GIVEN RECORDS START
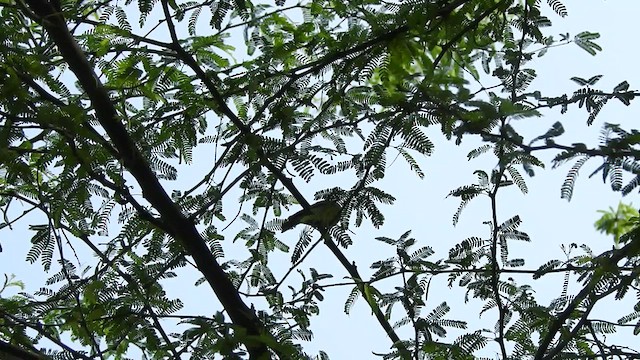 Brooks's Leaf Warbler - ML449930321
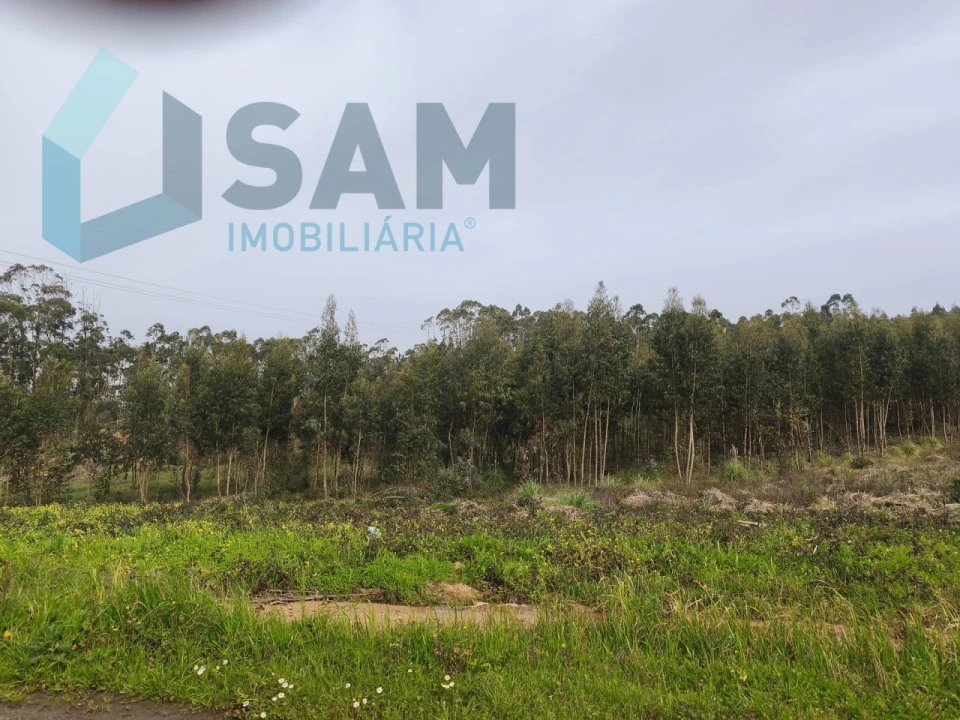 Terreno Misto para Venda em Ramalhal Foto 19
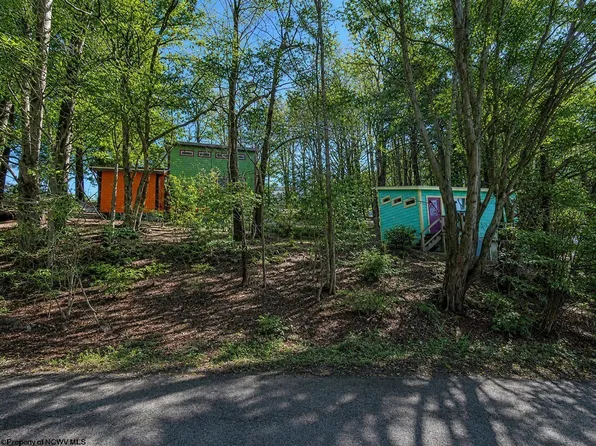 142 Jacob Pase St, Thomas, WV 26292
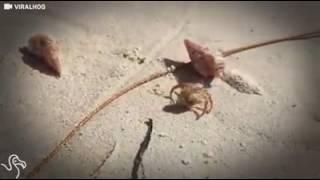 People Give Homeless Hermit Crab A New Shell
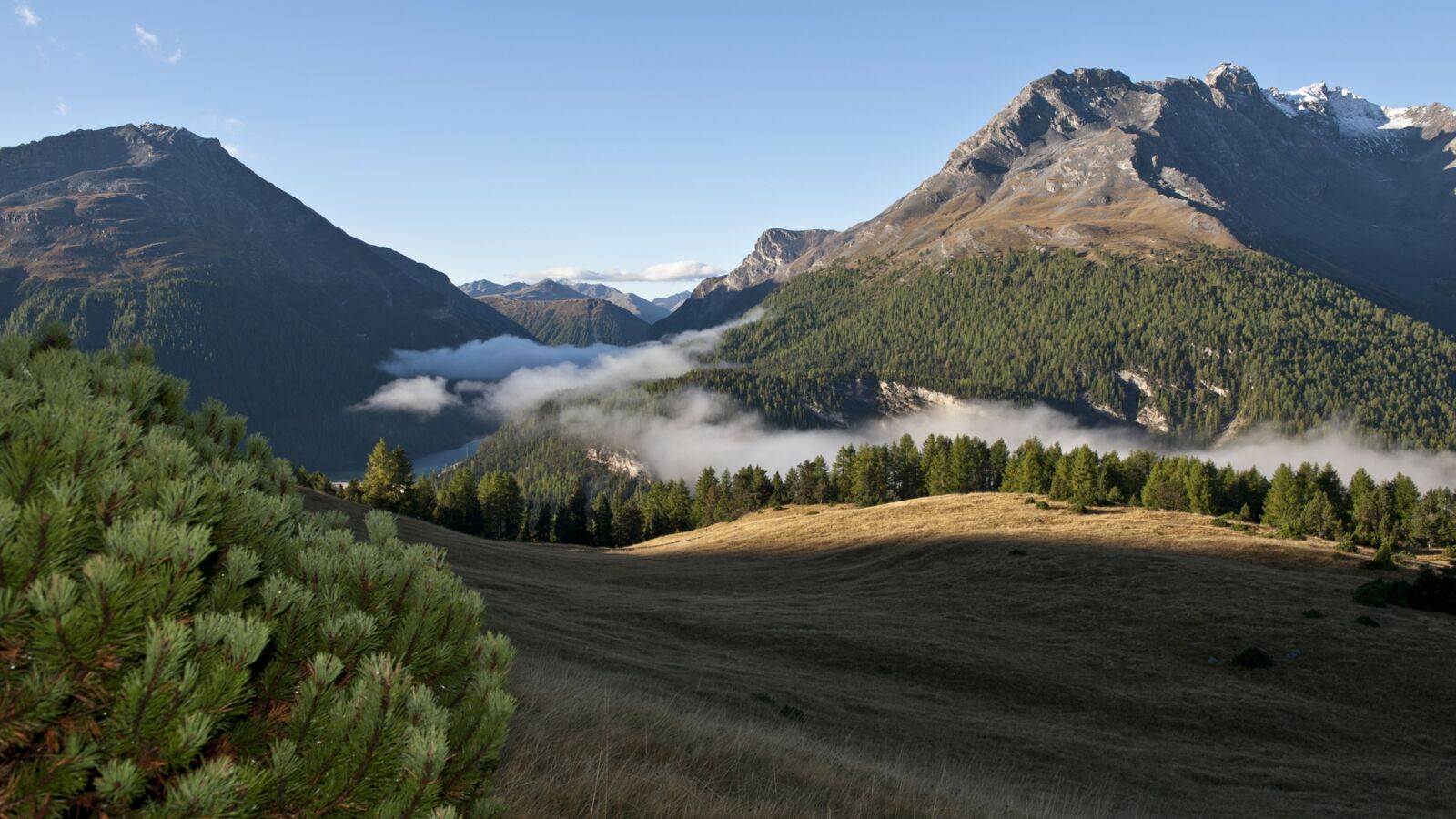Biosphere Müstair Alp la Schera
GIVEN RECORDS END
Print all data above verbatim, except pictures.

EXERCISE SOLUTION:
 Brooks's Leaf Warbler - ML449930321
 Terreno Misto para Venda em Ramalhal Foto 19
 142 Jacob Pase St, Thomas, WV 26292
 People Give Homeless Hermit Crab A New Shell
Biosphere Müstair Alp la Schera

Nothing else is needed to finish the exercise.